The move follows a complaint from Lauren Bradford, daughter of double murderer Howell, that the ITV drama about the killings had left affected people feeling exploited.
The four-part series, which started two weeks ago, dramatises the murders of Lesley Howell and Trevor Buchanan in 1991 by their spouses, who were having an affair. Dentist and church musician Colin Howell and Sunday school teacher Hazel Buchanan, who were members of the same Baptist church in Coleraine, plotted the murders before gassing their partners with carbon monoxide.
They covered their tracks for 19 years by making the deaths look like a suicide pact, before carrying on their illicit affair.
More than 340,000 people tuned in last Friday to watch The Secret, which stars James Nesbitt and Genevieve O'Reilly.
Louise Haigh, the Labour MP for Heeley in Sheffield where Ms Bradford now lives told MPs that "victims' voices should have a far greater role" in determining whether or not programmes based on real-life events that they have been involved with should be made.
"Lauren came to me after she had written a Guardian piece to express her feelings that as a victim she felt her feelings had been undermined to the point of being ignored in the making of The Secret," Ms Haigh told the Commons.
"I then raised it with the Prime Minister because I wanted him to look into doing more to make sure victims' stress is minimal in such events and also to look at the impact such programmes can have on them."
Mr Cameron said he recalled from his own time in the TV industry that "decisions are made that can cause a huge amount of hurt and upset to families".
The PM said he would discuss the issue with Culture Secretary John Whittingdale to examine whether there is anything "more that can be done" in Ms Bradford's case and others.
Ms Haigh said "victims should have a stronger voice when it comes to the development of the story and any sensationalising of the plot, which in this case is a tragedy".
"John Whittingdale was happy to listen and has agreed to meet with Lauren and I at some point to discuss this further," she added.
Ms Haigh said there should be more pre-production involvement with victims' families before any programme is given the go-ahead. "One of the issues that Ofcom has is that it is a post-production regulator, whereas I would like to see its powers strengthened and extend to pre-production," she said.
"Victims should be consulted with beforehand, not have to seek redress once a programme has aired and once the distress has already been caused."
In her Guardian piece Ms Bradford revealed that her family had fought against the making of the series.
"When media interest goes beyond the reporting of events and is against the wishes of family members, the effects can be as devastating as the murder itself," she wrote.
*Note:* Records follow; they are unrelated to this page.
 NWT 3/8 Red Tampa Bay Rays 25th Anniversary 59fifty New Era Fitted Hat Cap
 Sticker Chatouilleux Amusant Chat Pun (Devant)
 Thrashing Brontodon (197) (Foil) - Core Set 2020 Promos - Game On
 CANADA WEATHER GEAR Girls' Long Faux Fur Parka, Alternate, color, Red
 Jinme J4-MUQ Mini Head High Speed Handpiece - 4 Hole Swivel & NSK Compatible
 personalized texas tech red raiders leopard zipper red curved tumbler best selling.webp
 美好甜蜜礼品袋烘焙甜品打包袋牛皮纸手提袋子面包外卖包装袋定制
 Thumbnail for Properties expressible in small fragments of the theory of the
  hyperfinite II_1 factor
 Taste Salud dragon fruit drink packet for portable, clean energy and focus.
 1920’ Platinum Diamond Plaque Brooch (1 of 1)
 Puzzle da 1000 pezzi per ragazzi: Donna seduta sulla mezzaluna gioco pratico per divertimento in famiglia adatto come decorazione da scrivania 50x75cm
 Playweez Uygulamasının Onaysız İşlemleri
An ITV spokeswoman said: "The programme makers informed the families of the production, and gave them the opportunity to see the series prior to broadcast. We have never suggested that they approved or authorised the drama. We do believe that we have conducted the making and broadcast of this series responsibly, in seeking to minimise distress to family members, in so far as we were able to do so, given the subject matter."